Scientists used to think power in animals played out in a tidy and simple way. Nature is a dog-eat-dog place. Rams butt heads in a thunderous spectacle, and the winning male gets to mate with a female. Bigger, stronger, meaner animals beat up smaller, weaker, more timid ones, and then walk, fly or swim away with the prize.
All that’s certainly going on in the wild. But the natural world, it turns out, is so much more interesting than simply squaring off in brutish battles. As in tales of palace intrigue, the quest for power among animals is subtle, nuanced, strategic and, dare I say, beautiful.
I’m an animal behaviorist and evolutionary biologist who has been studying complex social behavior in nonhumans for 30 years. As I describe in my book, “Power in the Wild: The Subtle and Not-So-Subtle Ways Animals Strive for Control over Others,” I have come to learn that many power struggles in animals look more like scenes from a Shakespearean drama than rounds in a boxing match.
To study the dynamics of power in nonhumans we need a definition. How do we gauge power in other species? I think of power as the ability to direct, control or influence the behavior of others in order to control access to resources. Using that definition, power pervades every aspect of the social lives of animals: what they eat, where they eat, where they live, who they mate with, how many offspring they produce, who they join forces with, who they work to depose and more.
Spies in the water
For years, my former Ph.D. student Ryan Earley and I were obsessed with power and spying in groups of a tiny fish called the swordtail. So much so that Ryan ended up building his Ph.D. dissertation around these fish whose brains can sit comfortably on the head of a pin.
When two males in a group of swordtails meet, they often engage in a series of chases, followed by displays in which they twist their bodies into an S shape.

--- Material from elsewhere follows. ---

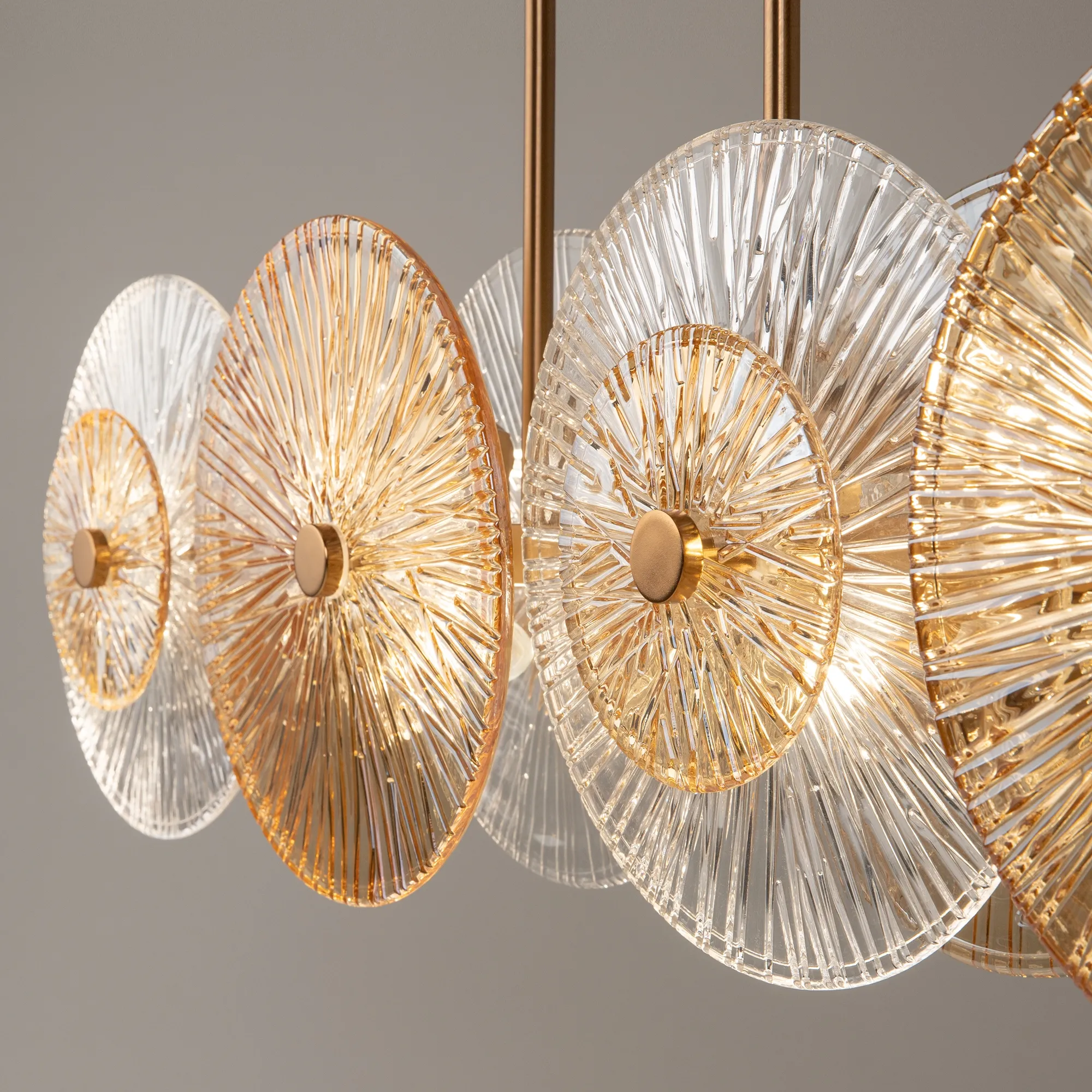 картинка Подвесной светильник Maytoni MOD007PL-08G1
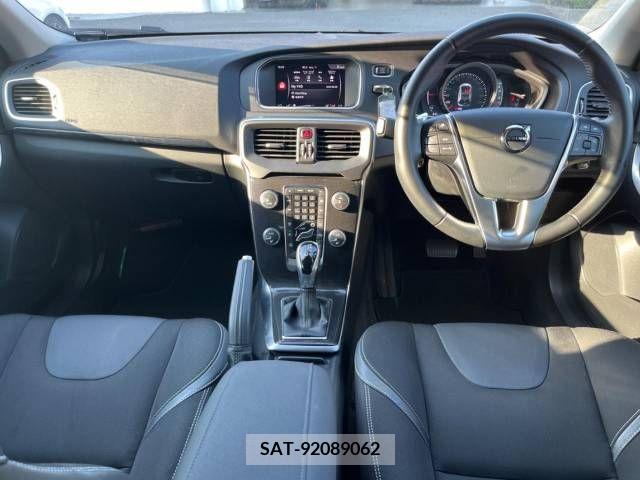 Volvo V40 2018-02 329873-1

If it’s not clear at that point who is top swordtail, the fish ram into each other. And if even that doesn’t settle matters, they circle each other, lock jaws and mouth-wrestle, thrashing about until a clear victor emerges.
Earley watched these pairwise power struggles for hundreds of hours and began to suspect he wasn’t the only one watching – other male swordtails seemed to be as well. To test that hunch, Earley took a page from the script of a spy thriller, where an unsuspecting target is watched from behind a one-way mirror.
He designed an experiment in which a pair of swordtails that were involved in aggressive interactions were on one side of an experimental tank and a spy fish swam freely on the other side. The spy and the combatants were separated by tinted glass that allowed the spy to see in but kept the pair of battling fish in the dark about being watched.